▸ **Materials provided**:
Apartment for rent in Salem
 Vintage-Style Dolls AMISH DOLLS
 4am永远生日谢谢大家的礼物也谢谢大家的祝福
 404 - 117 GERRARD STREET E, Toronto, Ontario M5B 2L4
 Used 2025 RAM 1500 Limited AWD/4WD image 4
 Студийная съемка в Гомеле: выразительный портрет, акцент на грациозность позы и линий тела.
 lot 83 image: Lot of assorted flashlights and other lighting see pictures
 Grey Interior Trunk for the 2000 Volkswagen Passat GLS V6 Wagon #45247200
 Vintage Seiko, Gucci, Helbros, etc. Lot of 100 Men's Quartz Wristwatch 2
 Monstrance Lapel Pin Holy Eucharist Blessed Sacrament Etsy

▸ **Exercise details**:
Copy out each line from the listing that contains the string "Vintage".

▸ **Answer for this exercise**:
 Vintage-Style Dolls AMISH DOLLS
 Vintage Seiko, Gucci, Helbros, etc. Lot of 100 Men's Quartz Wristwatch 2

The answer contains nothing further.